| BRIEF |
Restate all of the entries exactly. Any picture in them should be skipped.

| RECORDS SUPPLIED |
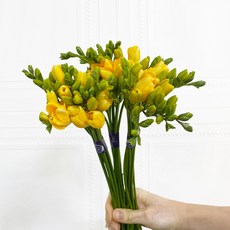 (플라워365마켓) 노랑 프리지아 후리지아 30대 꽃배달 싼곳 도매 생화꽃 경매 택배 발송, 1개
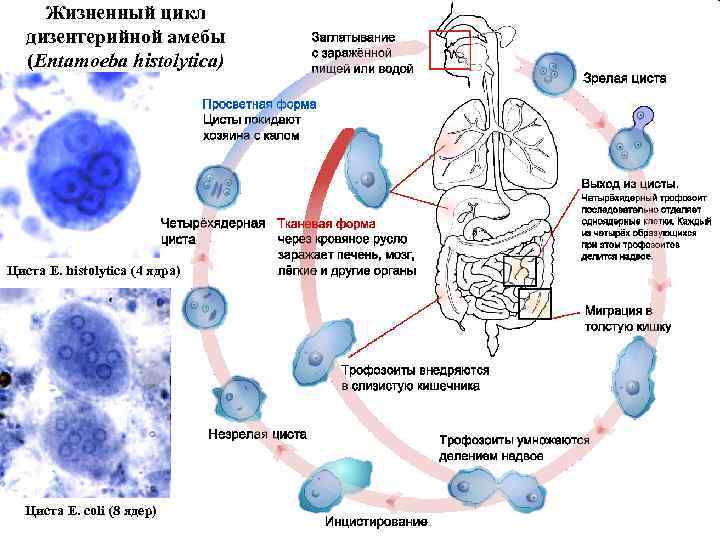 Жизненный цикл дизентерийной амебы (Entamoeba histolytica) Циста E. histolytica (4 ядра) Циста E. coli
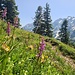 Orchideen 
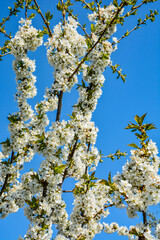 Closeup shot of tree branches with beautiful cherry blossoms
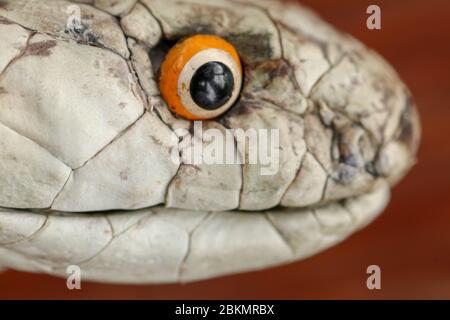 Une tête de lit de roi Cobra. Peau bronzée d'Ophiophage hannah. Ceinture du serpent le plus venimeux de l'île de Bali en Indonésie. Produit en cuir Banque D'Images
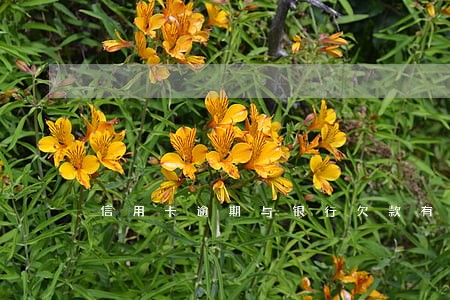 信用卡逾期与银行欠款有区别吗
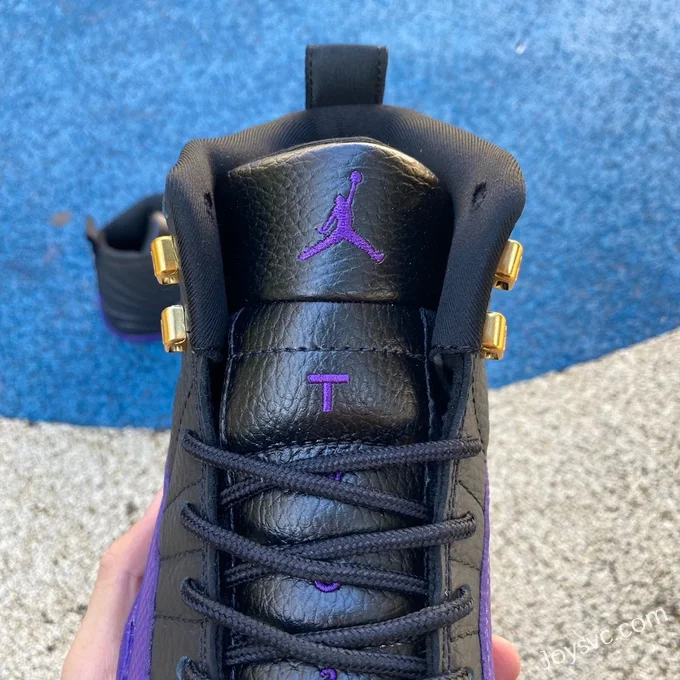 Air Jordan 12 Black Purple CT8013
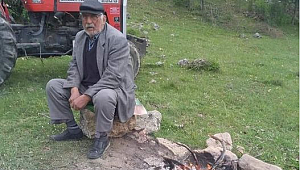 Ormanlık alanda şok ölüm
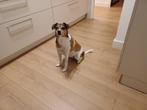 Boerenfox herplaatsing, Dieren en Toebehoren, Honden | Jack Russells en Terriërs, 6 jaar of ouder, Rabiës (hondsdolheid), Overige rassen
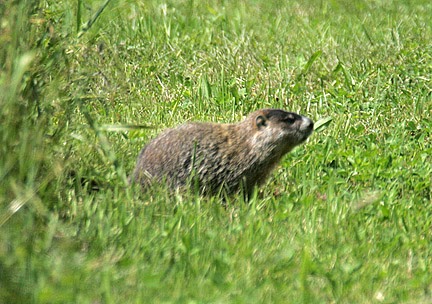Satisfied Groundhog Day! Early Spring Predicted!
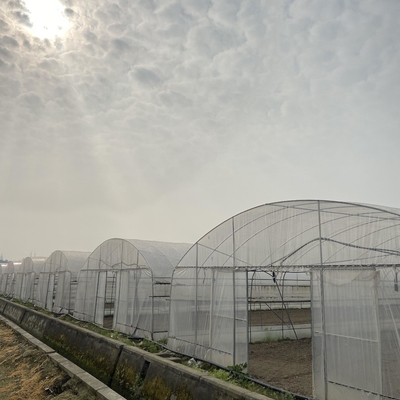 토마토를 위한 용융 도금법 아연 도금 강관 구조 폴리신 터널 플라스틱 온실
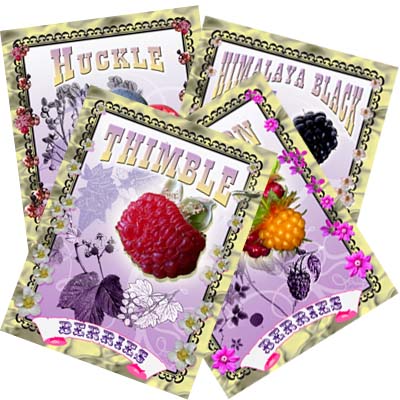 Berry Pickers Identification Cards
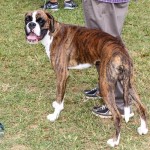 Bermuda Kennel Club Dog Show, October 20 2012-1-2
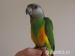 Papoušek Senegalský prodej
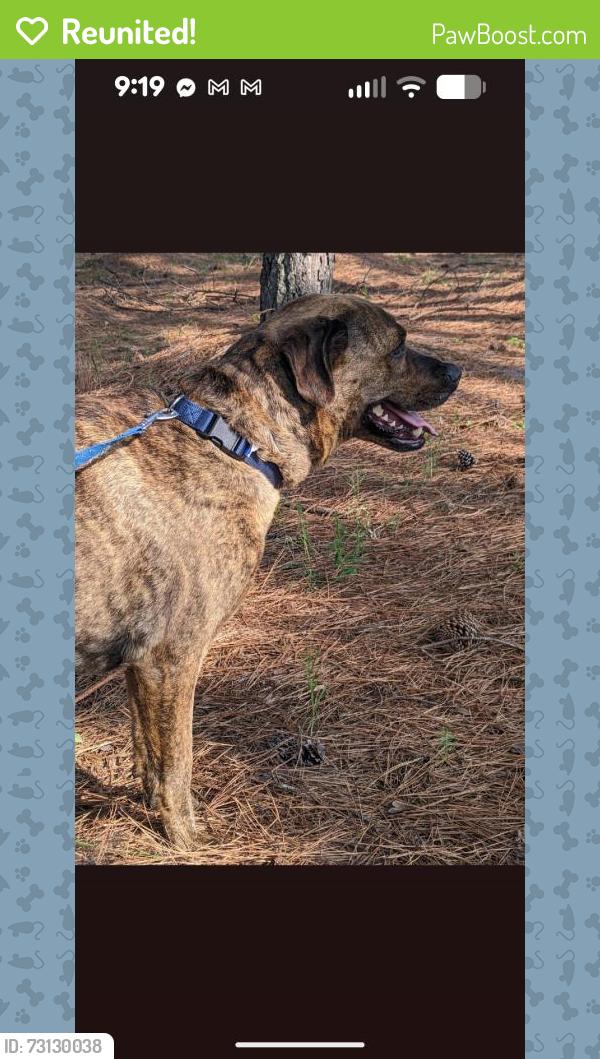 Reunited Male Dog last seen Near Cypress Park Rd, Greensboro, NC 27407, USA, Greensboro, NC 27407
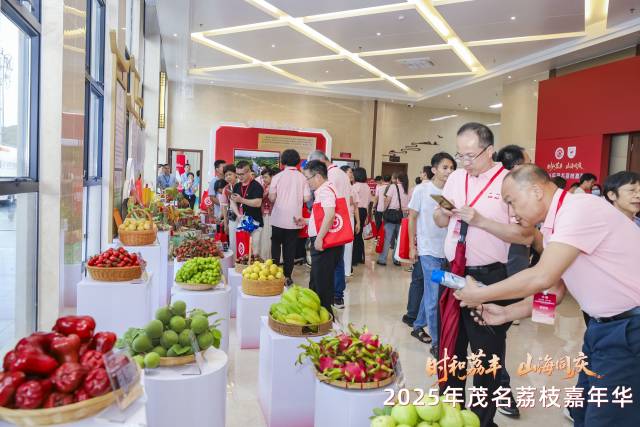 2025荔枝季开启。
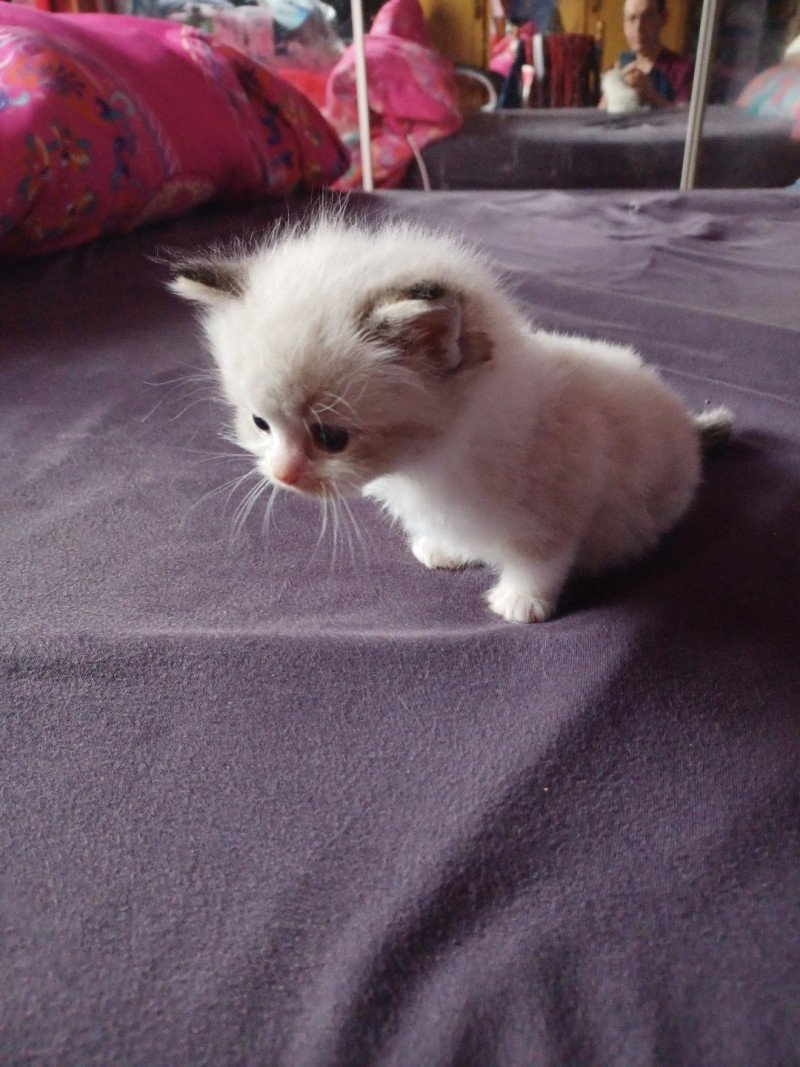 1er chaton (Portée NAOMI ❤ LIVINGSTONE 2023) - Mâle Colorpoint Mâle Ragdoll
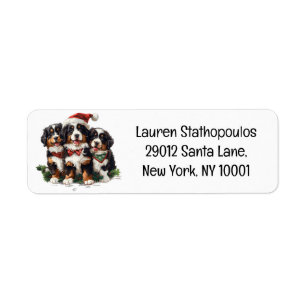 Chiens de montagne bernois de Noël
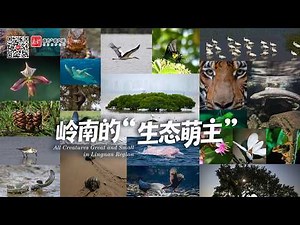 All Creatures Great and Small in Lingnan Region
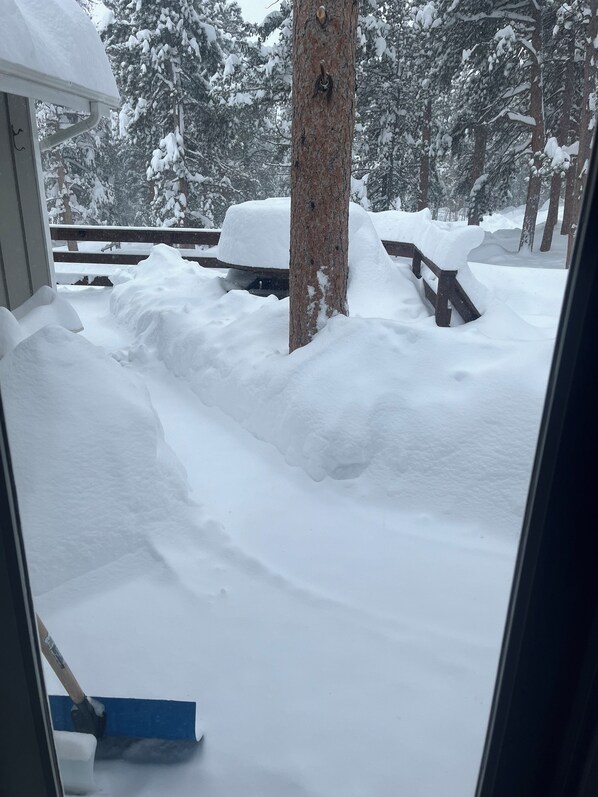 A snowy outdoor area with a wooden bench and a tree covered in snow.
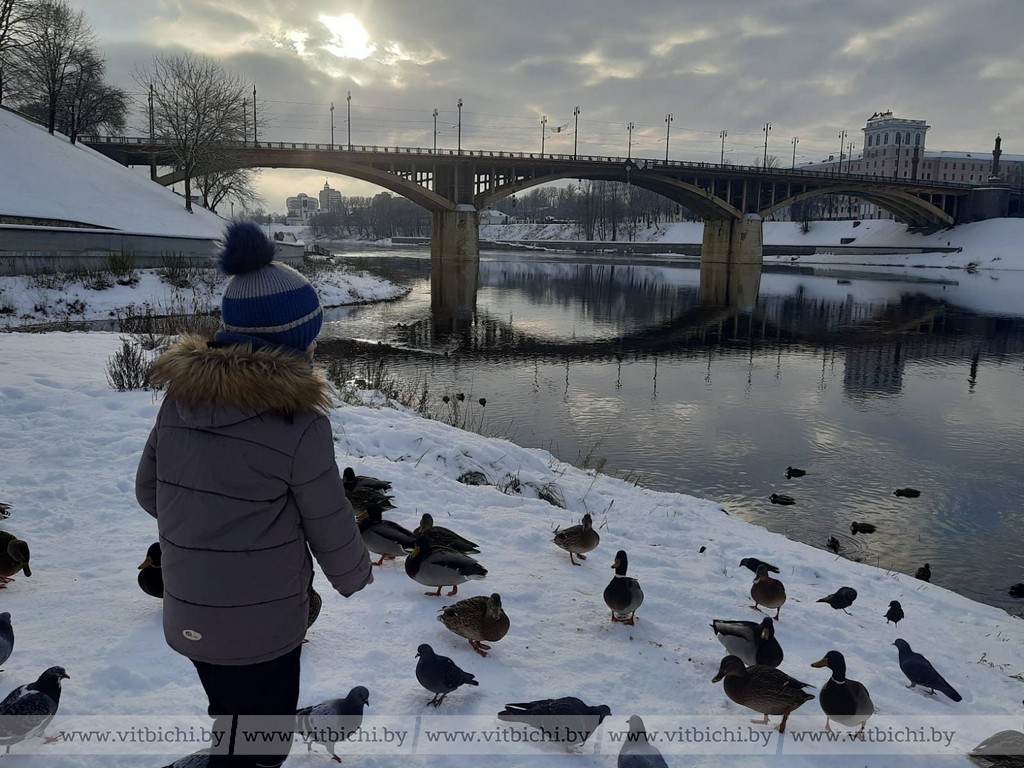 Нужно ли кормить уток и лебедей, зимующих в городе? Спросили у специалиста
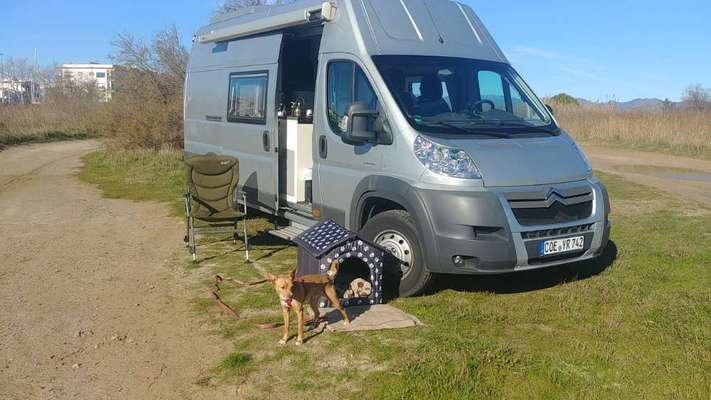 Mein Hund verhält sich neuerdings seltsam beim Autofahren-Beitrag-Bild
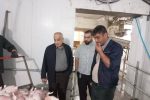 پورحیدری: ادعای افزایش روزانه قیمت مرغ قابل قبول نیست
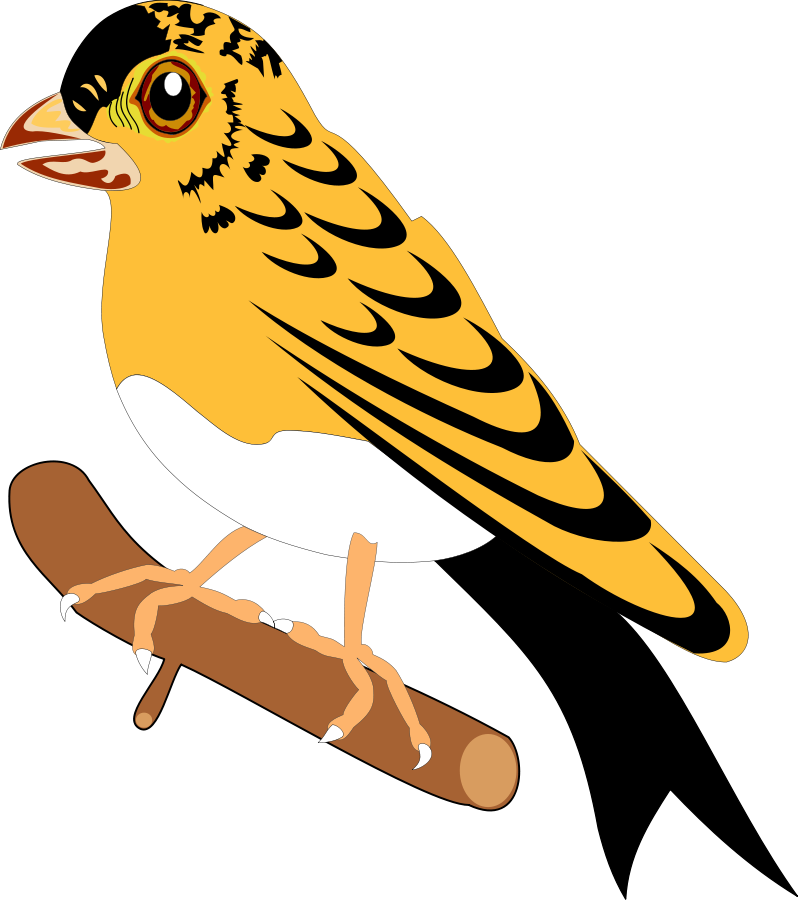 Bird 25 large 900pixel clipart, Bird 25 design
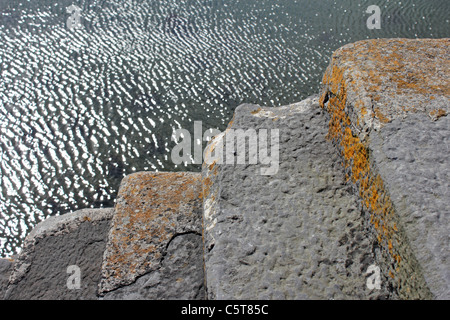 Schritte neben dem Meer, Ballyvaughan, County Clare, Irland Stockfoto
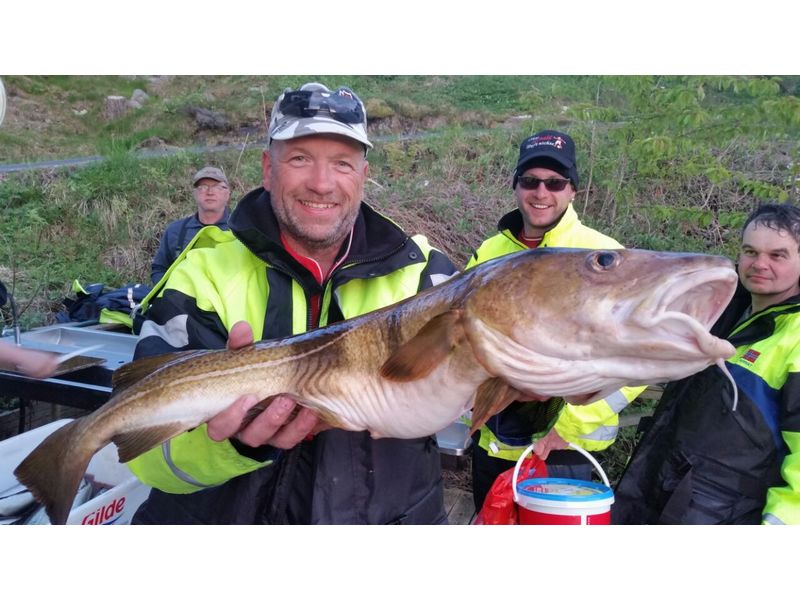 Soerlandet Fischbilder 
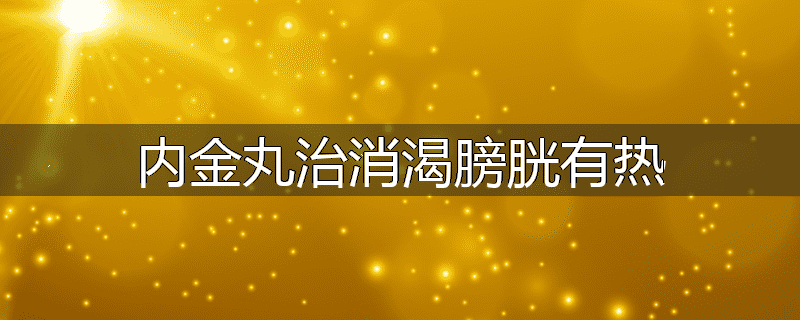 内金丸治消渴膀胱有热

| COMPLETED EXERCISE |
 (플라워365마켓) 노랑 프리지아 후리지아 30대 꽃배달 싼곳 도매 생화꽃 경매 택배 발송, 1개
 Жизненный цикл дизентерийной амебы (Entamoeba histolytica) Циста E. histolytica (4 ядра) Циста E. coli
 Orchideen 
 Closeup shot of tree branches with beautiful cherry blossoms
 Une tête de lit de roi Cobra. Peau bronzée d'Ophiophage hannah. Ceinture du serpent le plus venimeux de l'île de Bali en Indonésie. Produit en cuir Banque D'Images
 信用卡逾期与银行欠款有区别吗
 Air Jordan 12 Black Purple CT8013
 Ormanlık alanda şok ölüm
 Boerenfox herplaatsing, Dieren en Toebehoren, Honden | Jack Russells en Terriërs, 6 jaar of ouder, Rabiës (hondsdolheid), Overige rassen
Satisfied Groundhog Day! Early Spring Predicted!
 토마토를 위한 용융 도금법 아연 도금 강관 구조 폴리신 터널 플라스틱 온실
 Berry Pickers Identification Cards
 Bermuda Kennel Club Dog Show, October 20 2012-1-2
 Papoušek Senegalský prodej
 Reunited Male Dog last seen Near Cypress Park Rd, Greensboro, NC 27407, USA, Greensboro, NC 27407
 2025荔枝季开启。
 1er chaton (Portée NAOMI ❤ LIVINGSTONE 2023) - Mâle Colorpoint Mâle Ragdoll
 Chiens de montagne bernois de Noël
 All Creatures Great and Small in Lingnan Region
 A snowy outdoor area with a wooden bench and a tree covered in snow.
 Нужно ли кормить уток и лебедей, зимующих в городе? Спросили у специалиста
 Mein Hund verhält sich neuerdings seltsam beim Autofahren-Beitrag-Bild
 پورحیدری: ادعای افزایش روزانه قیمت مرغ قابل قبول نیست
 Bird 25 large 900pixel clipart, Bird 25 design
 Schritte neben dem Meer, Ballyvaughan, County Clare, Irland Stockfoto
 Soerlandet Fischbilder 
 内金丸治消渴膀胱有热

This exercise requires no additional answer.